▶ **TASK INSTRUCTIONS**: Without including any pictures, reproduce the full listing exactly.

▶ **DATA EXTRACT**:
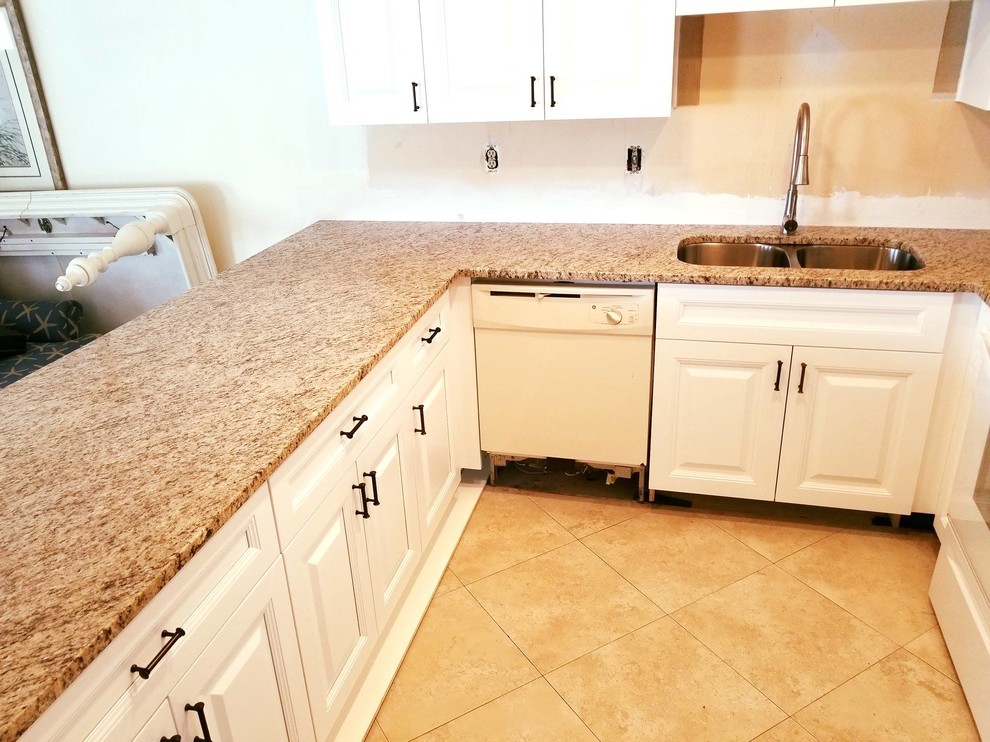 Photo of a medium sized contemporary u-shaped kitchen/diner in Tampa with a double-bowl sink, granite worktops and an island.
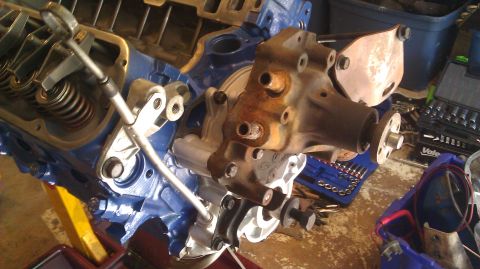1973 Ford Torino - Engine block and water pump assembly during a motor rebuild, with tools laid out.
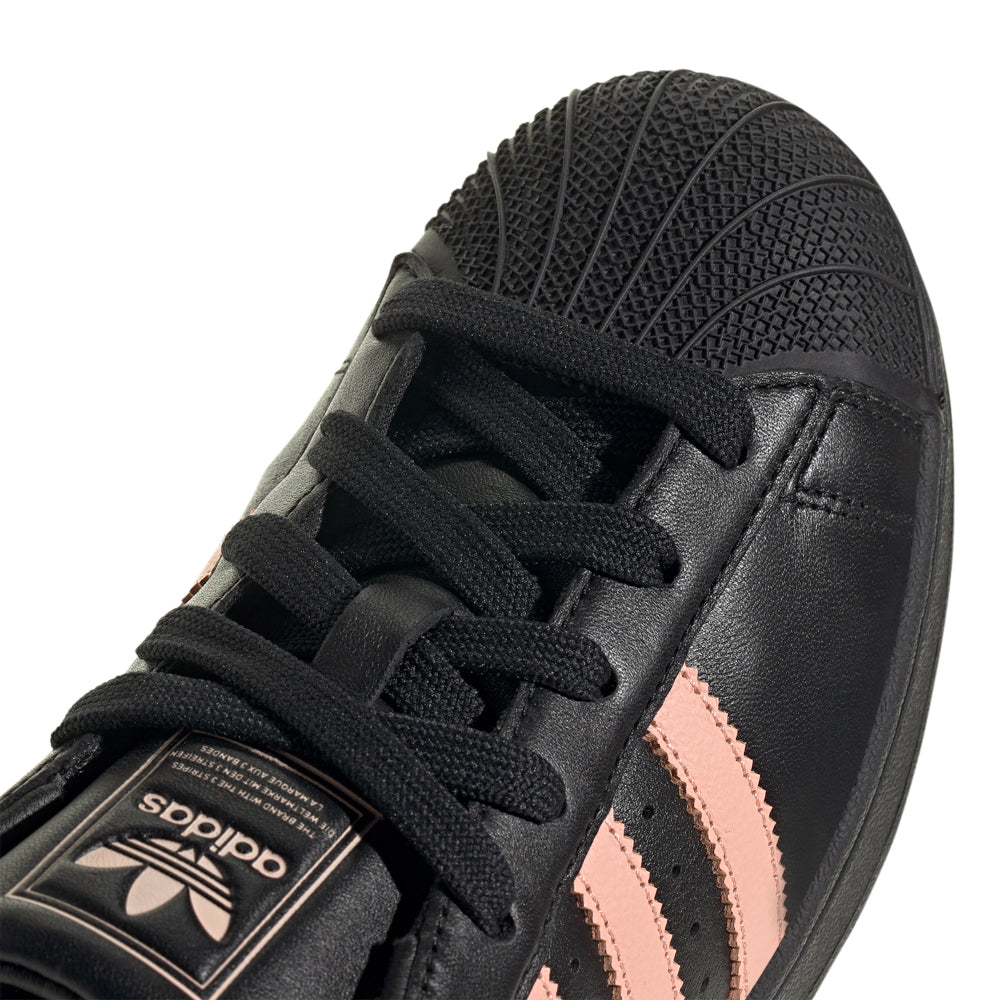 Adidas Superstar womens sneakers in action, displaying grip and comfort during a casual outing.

▶ **RESPONSE TO THIS EXERCISE**:
 Photo of a medium sized contemporary u-shaped kitchen/diner in Tampa with a double-bowl sink, granite worktops and an island.
1973 Ford Torino - Engine block and water pump assembly during a motor rebuild, with tools laid out.
 Adidas Superstar womens sneakers in action, displaying grip and comfort during a casual outing.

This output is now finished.